ArcticDB Performance Profiling

IvoDD edited this page Nov 30, 2023 · 3 revisions

This page aims to describe different methods of profiling the performance of ArcticDB.

ASV Benchmarks

Using the existing benchmarks and adding new ones is a great new to track the performance of various parts of ArcticDB over time. For more information regarding ASV Benchmarking, please refer to this page in the Wiki.

Py-Spy

Py-spy is a great tool to profile python code/libraries that relies on C++ extensions. To install it, run:

pip install py-spy

To access the full suite of options, it is recommended to use it on Linux and to create a speedscope file as output. You should also compile the library in debug for most representative profiling results.

To profile the code, you will need to profile by pid, like so:

python test_script.py & # this will spawn python in a new process and will output the pid of that process

py-spy record --format speedscope \ # set the format to speedscope
              --output test.json \ # set the name of the output file with the profiling info
              --native \ # set the native flag to get the profiling date from the native aka cpp function calls
              --idle \ # set the idle flag to capture data for idle threads
              --pid 1111 \ # set the pid of the python process that you want to profile

To examine the output, simply pass the outputed json file to speedscope (BEWARE: Don't upload profiles in the website if they're using sensitive data. You can run locally instead, see here). You can use this example json to play around with speedscope. You can view the output in different ways to get a different picture of the performance:

  • Time Order - shows the function calls over time
  • Left Heavy - group similar call stacks together
  • Sandwich - show the most time consuming functions

Enable performance tracing

We have functionality that samples various parts of the CPP portion of ArcticDB. Those samples produce logs to stdout, which detail how much time various functions took.

By default, this functionality is disabled and requires a recompilation to be enabled. To enable it, add add_compile_definitions(ARCTICDB_LOG_PERFORMANCE) to cpp/CMakeLists.txt and recompile. On the following run, logs from the samples will be printed to stdout.

To add new samples, refer to how ARCTICDB_SAMPLE and ARCTICDB_SUBSAMPLE are used through the code.

Perf Flamegraph

This section details how to profile the code in the linux dev container (IDE agnostic).

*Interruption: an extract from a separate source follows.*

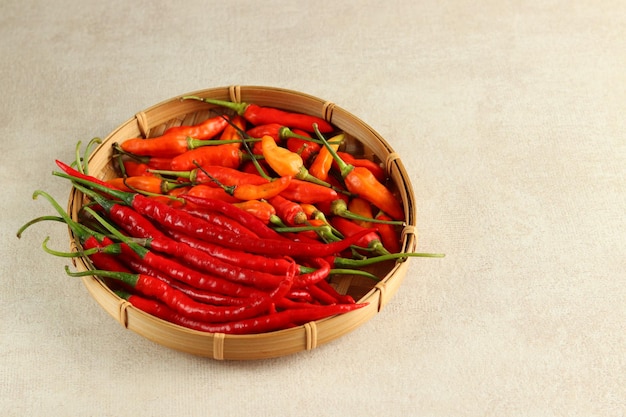 piments colorés sur panier en bambou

  • Enable the linux-release - build-release CMake profile, and build the arcticdb_ext target with this profile.
  • Ensure the symlink in the python directory points to the release .so file ln -s ../cpp/out/linux-release-build/arcticdb/arcticdb_ext.cpython-36m-x86_64-linux-gnu.so
  • Clone the FlameGraph project into /opt
  • From the python directory, run perf record -g --call-graph="dwarf" python <path to Python script to profile> && perf script | /opt/FlameGraph/[stackcollapse-perf.pl](http://stackcollapse-perf.pl/) > /tmp/out.perf-folded && /opt/FlameGraph/[flamegraph.pl](http://flamegraph.pl/) /tmp/out.perf-folded > flamegraph-$(date -Iseconds).svg
  • Open the resulting SVG file

Notes:

  • --call-graph="fp" gives less detail, but does result in much smaller (GB → MB) perf.data files.
  • The x-axis in the resulting SVG is not time. When profiling time spent in either the CPU or IO thread pools, each thread in the pool will have its own section.